What is being asked:
For the data below, transcribe the part that opens with the line containing "Under detect differentially" and closes with the line containing "Moving on, the", exactly and with no pictures.

Dataset entries:
━━━━━━━━━━━━━━━━━━━━
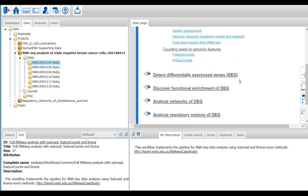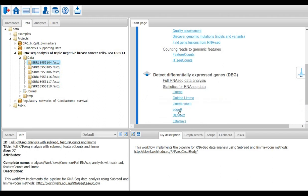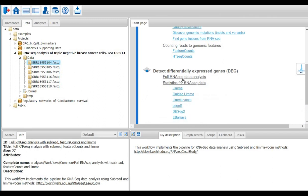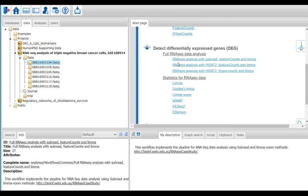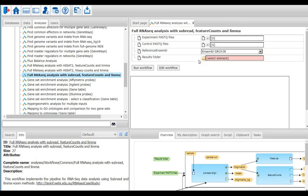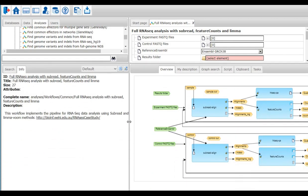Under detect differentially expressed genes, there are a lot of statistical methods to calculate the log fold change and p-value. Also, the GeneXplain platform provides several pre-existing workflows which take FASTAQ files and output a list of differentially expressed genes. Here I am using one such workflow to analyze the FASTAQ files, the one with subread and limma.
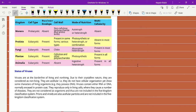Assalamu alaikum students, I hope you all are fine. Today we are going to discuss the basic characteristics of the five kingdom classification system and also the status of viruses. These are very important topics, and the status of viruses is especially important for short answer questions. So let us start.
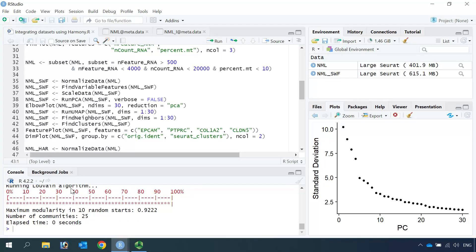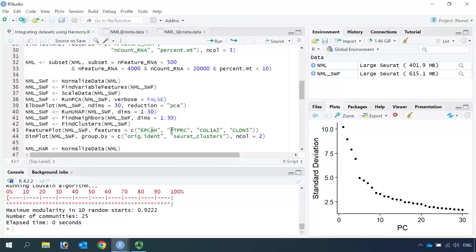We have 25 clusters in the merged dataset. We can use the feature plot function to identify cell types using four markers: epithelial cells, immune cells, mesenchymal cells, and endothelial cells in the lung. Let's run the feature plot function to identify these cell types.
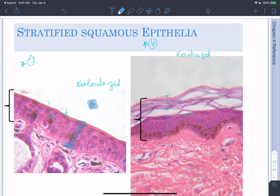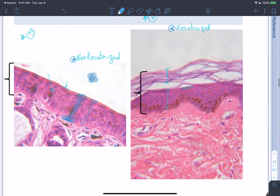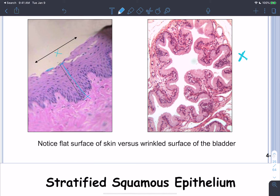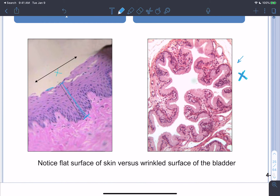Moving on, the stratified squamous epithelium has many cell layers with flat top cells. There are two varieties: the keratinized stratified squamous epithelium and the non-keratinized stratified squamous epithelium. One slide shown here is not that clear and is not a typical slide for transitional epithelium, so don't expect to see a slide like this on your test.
━━━━━━━━━━━━━━━━━━━━
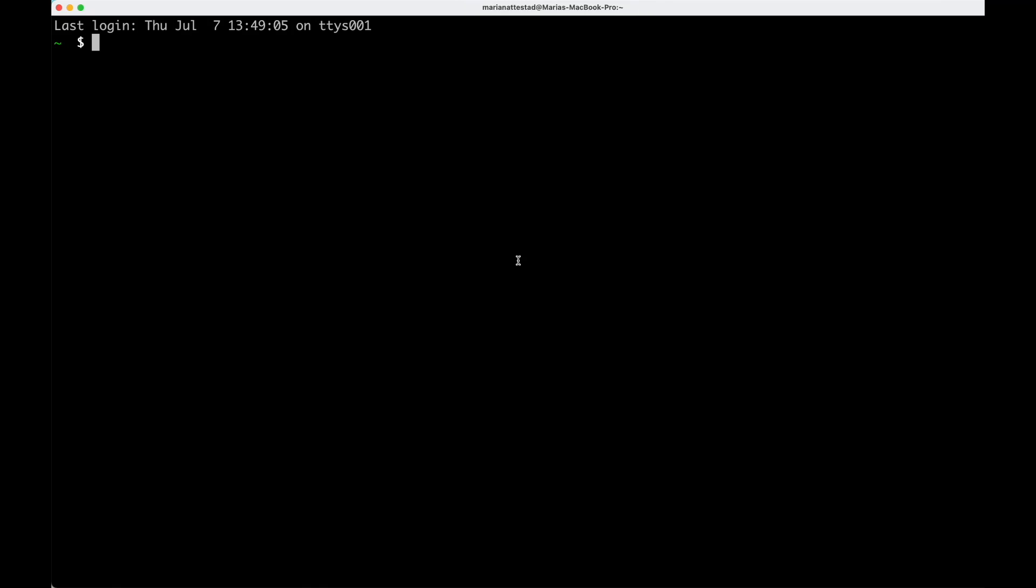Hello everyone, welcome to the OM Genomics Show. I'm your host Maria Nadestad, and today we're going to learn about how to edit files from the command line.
━━━━━━━━━━━━━━━━━━━━
Solved problem:
Under detect differentially expressed genes, there are a lot of statistical methods to calculate the log fold change and p-value. Also, the GeneXplain platform provides several pre-existing workflows which take FASTAQ files and output a list of differentially expressed genes. Here I am using one such workflow to analyze the FASTAQ files, the one with subread and limma.
Assalamu alaikum students, I hope you all are fine. Today we are going to discuss the basic characteristics of the five kingdom classification system and also the status of viruses. These are very important topics, and the status of viruses is especially important for short answer questions. So let us start.
We have 25 clusters in the merged dataset. We can use the feature plot function to identify cell types using four markers: epithelial cells, immune cells, mesenchymal cells, and endothelial cells in the lung. Let's run the feature plot function to identify these cell types.
Moving on, the stratified squamous epithelium has many cell layers with flat top cells. There are two varieties: the keratinized stratified squamous epithelium and the non-keratinized stratified squamous epithelium. One slide shown here is not that clear and is not a typical slide for transitional epithelium, so don't expect to see a slide like this on your test.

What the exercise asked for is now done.